--- Given information Enclosed Below ---

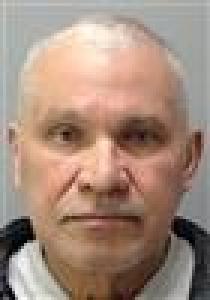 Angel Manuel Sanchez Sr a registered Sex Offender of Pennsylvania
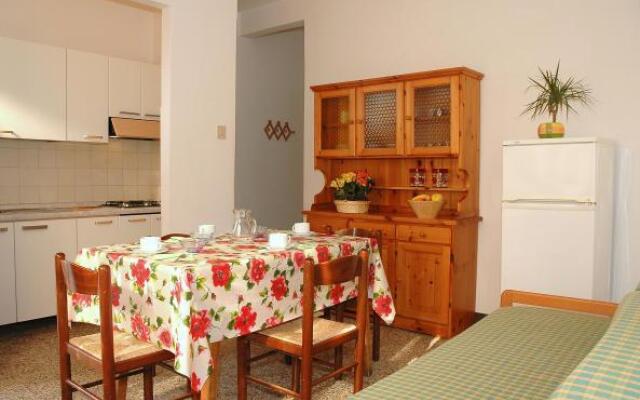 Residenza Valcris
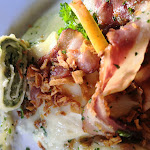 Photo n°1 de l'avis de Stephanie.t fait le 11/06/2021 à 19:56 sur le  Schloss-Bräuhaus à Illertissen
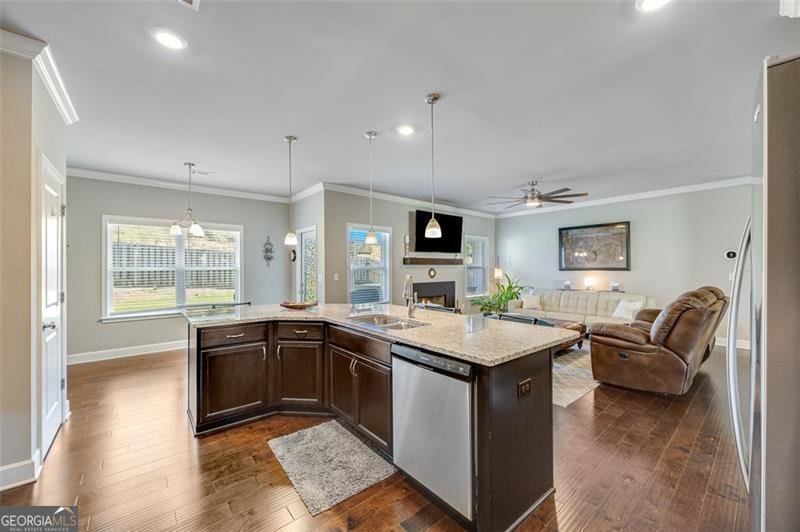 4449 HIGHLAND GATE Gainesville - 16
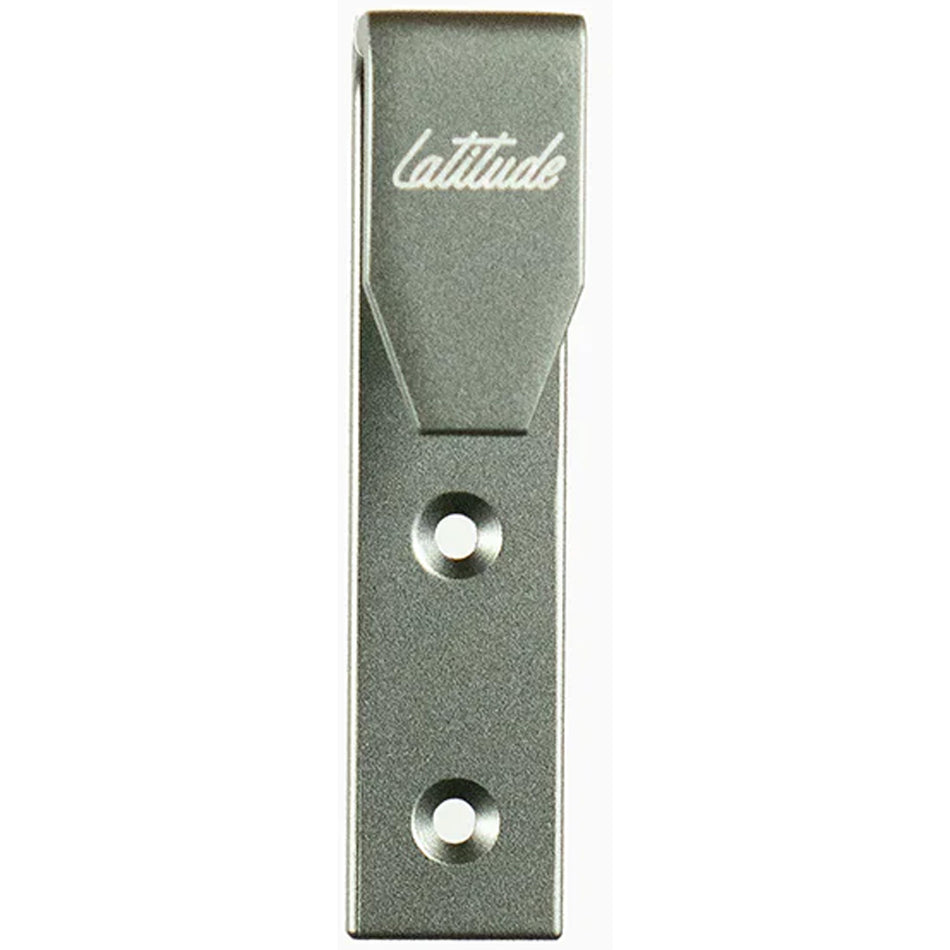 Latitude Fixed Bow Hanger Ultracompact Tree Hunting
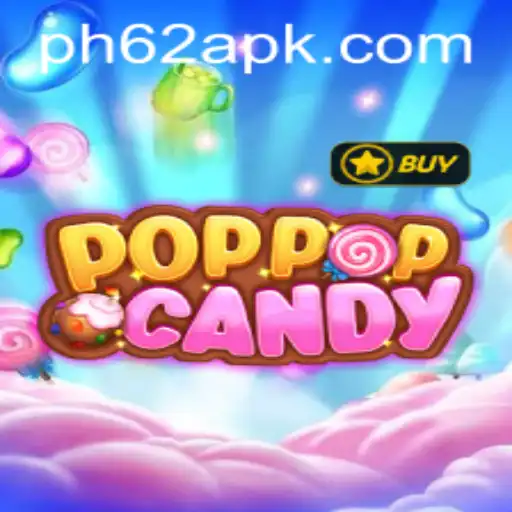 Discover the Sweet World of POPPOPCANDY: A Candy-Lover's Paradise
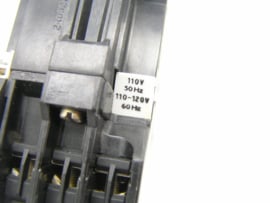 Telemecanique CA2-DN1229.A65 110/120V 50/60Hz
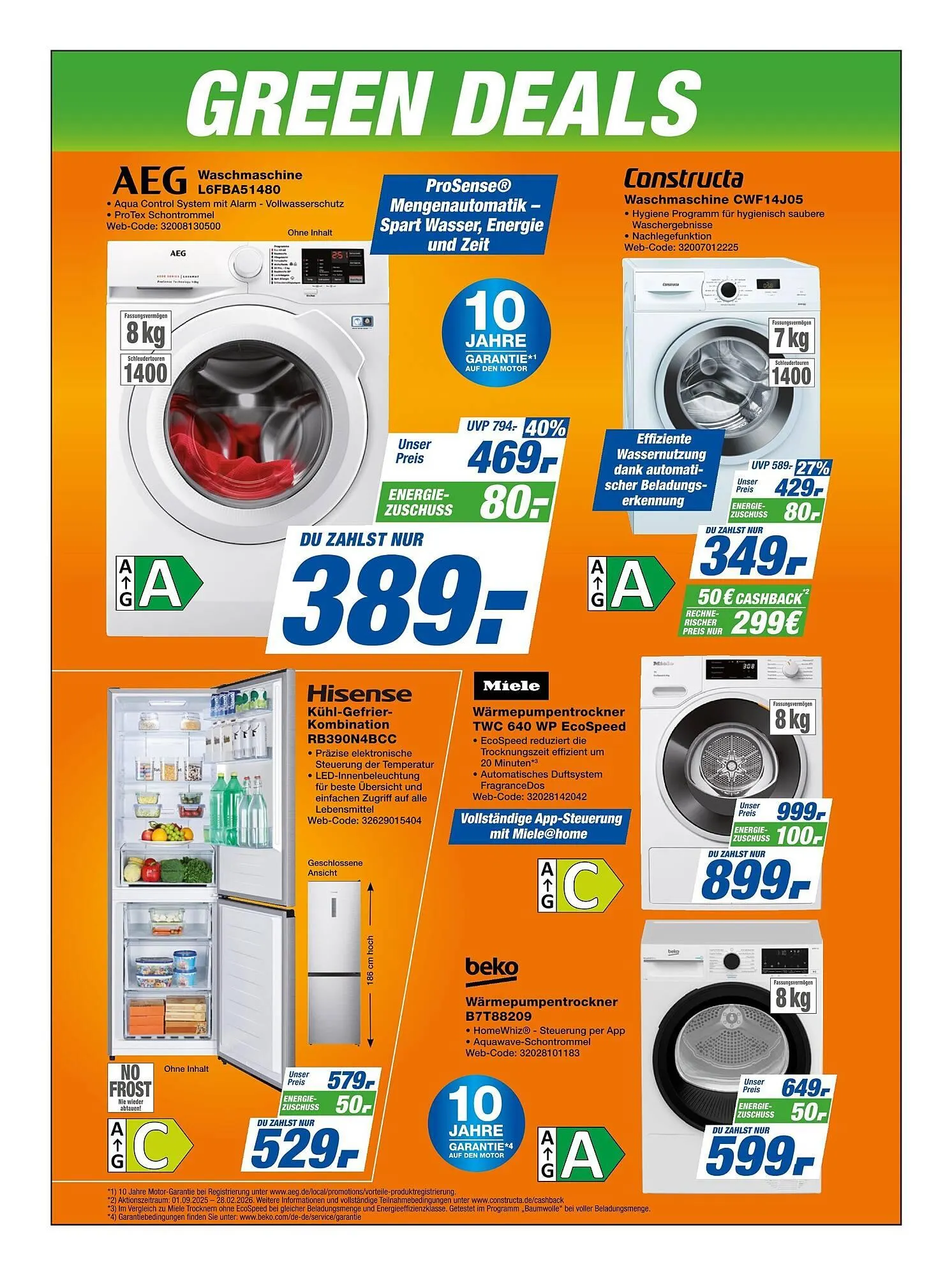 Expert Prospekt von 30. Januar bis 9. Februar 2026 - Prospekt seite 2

--- End of Enclosed Given information ---
--- Given information Enclosed Below ---

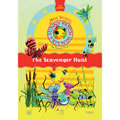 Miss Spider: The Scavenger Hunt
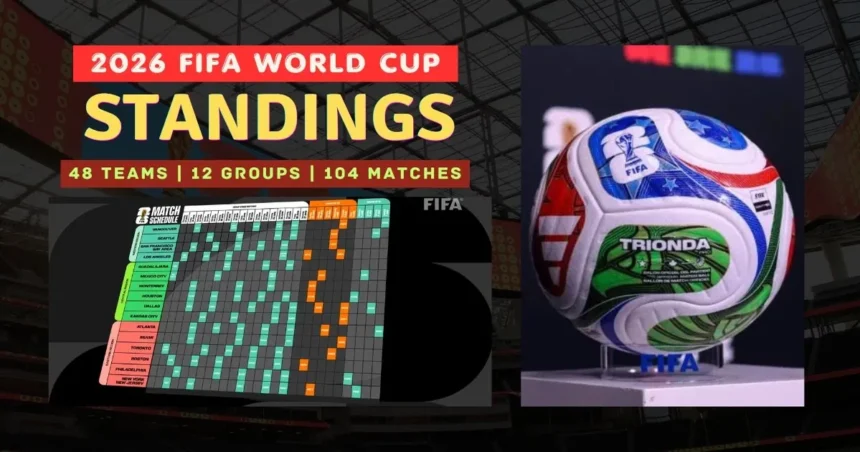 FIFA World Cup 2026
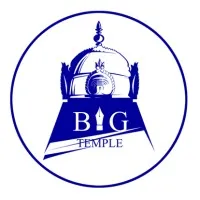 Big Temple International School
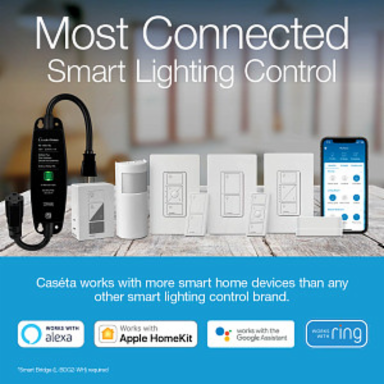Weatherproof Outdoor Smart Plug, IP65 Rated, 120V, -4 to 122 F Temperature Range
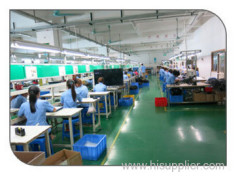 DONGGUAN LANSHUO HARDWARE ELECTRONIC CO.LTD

--- End of Enclosed Given information ---
--- Given information Enclosed Below ---

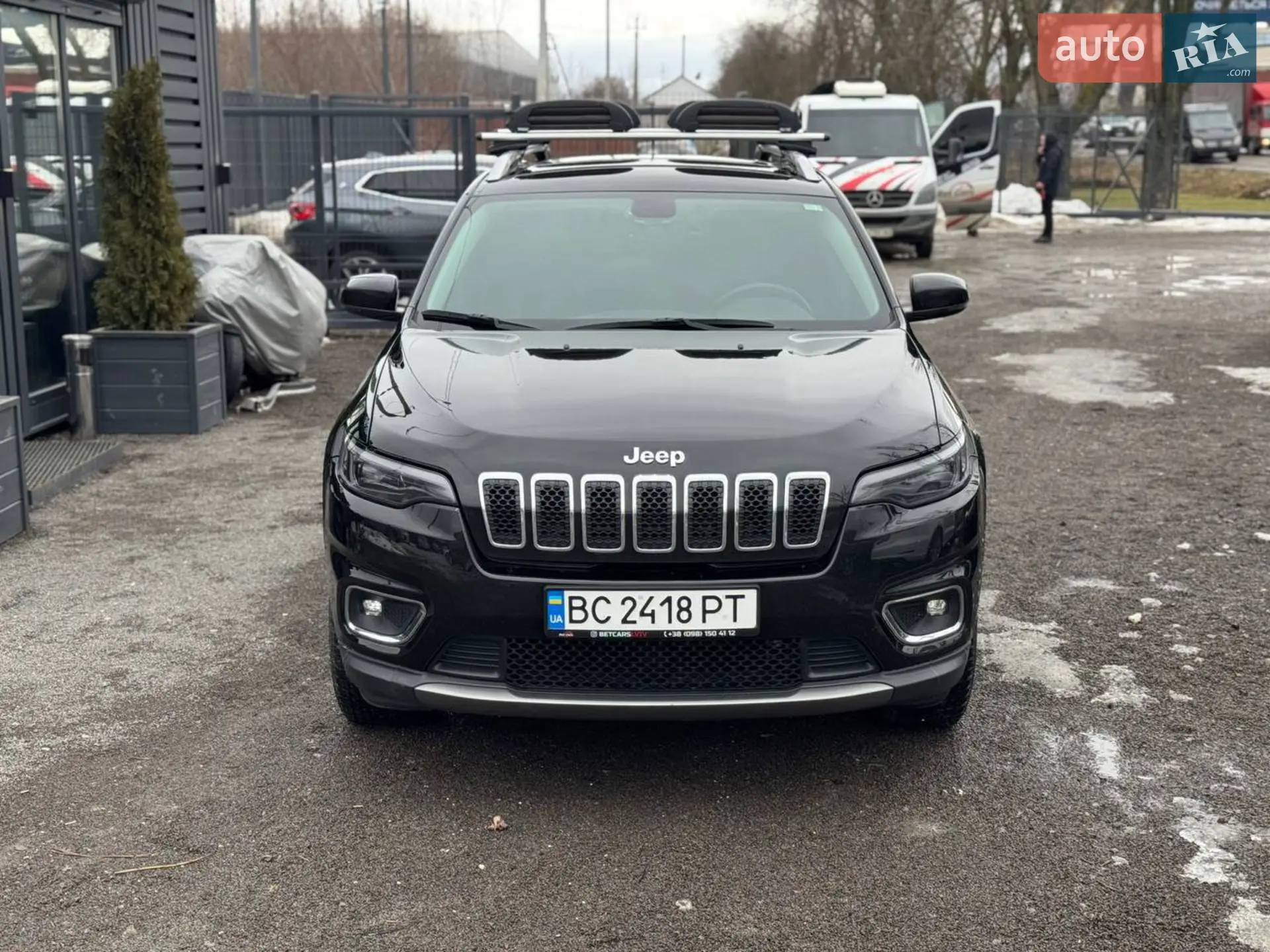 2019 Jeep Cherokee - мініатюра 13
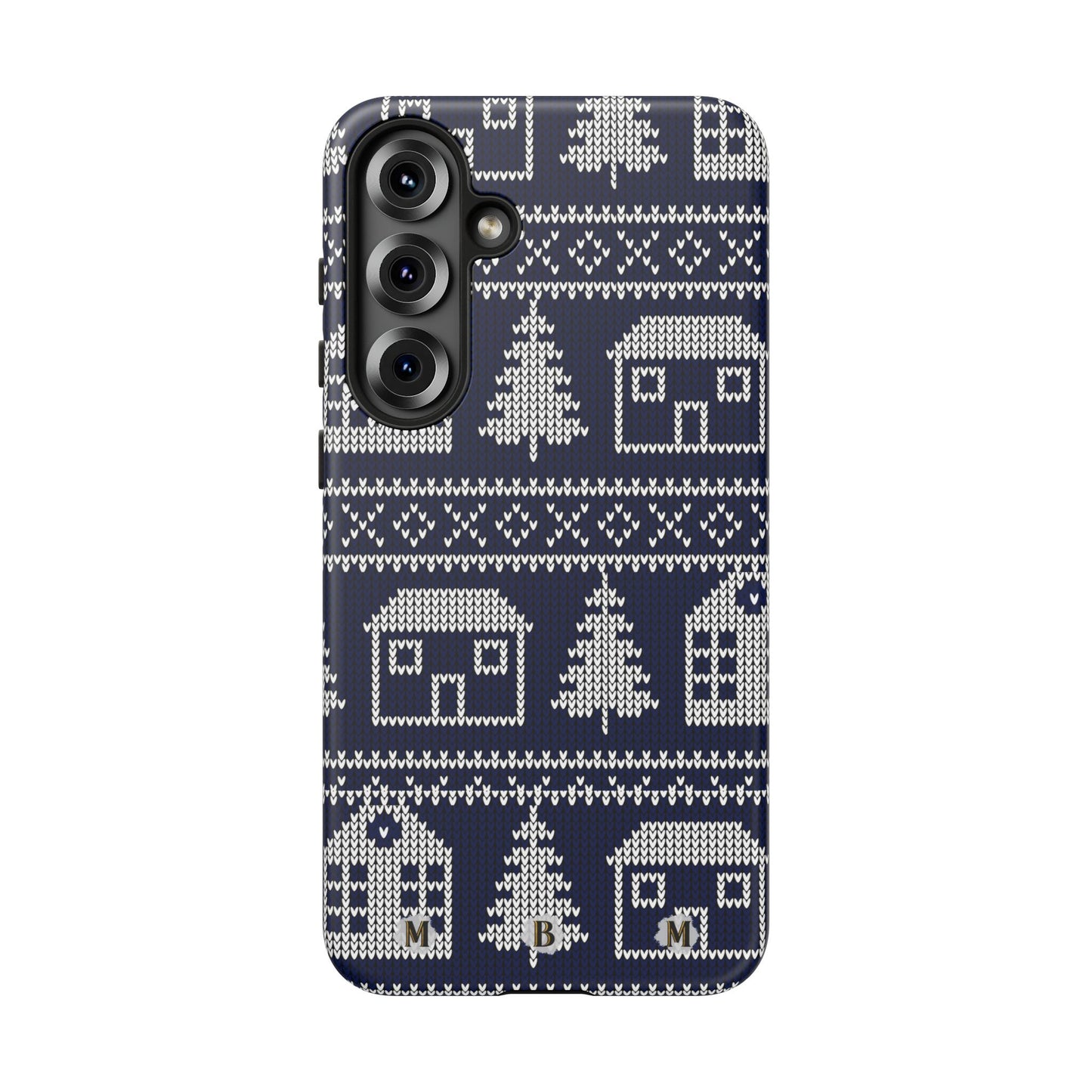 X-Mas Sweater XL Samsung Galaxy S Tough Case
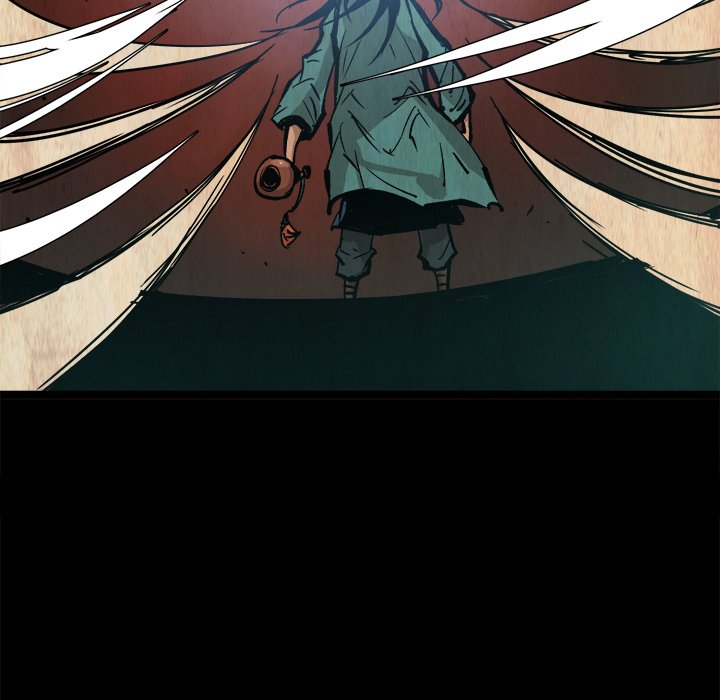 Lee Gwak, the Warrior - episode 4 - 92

--- End of Enclosed Given information ---

Exercise objective
Above are the records. Copy word for word only their lines from the one holding "4449 HIGHLAND GATE Gainesville - 16" through the one holding "Expert Prospekt von", both included, and skip the images.

Task response
 4449 HIGHLAND GATE Gainesville - 16
 Latitude Fixed Bow Hanger Ultracompact Tree Hunting
 Discover the Sweet World of POPPOPCANDY: A Candy-Lover's Paradise
 Telemecanique CA2-DN1229.A65 110/120V 50/60Hz
 Expert Prospekt von 30. Januar bis 9. Februar 2026 - Prospekt seite 2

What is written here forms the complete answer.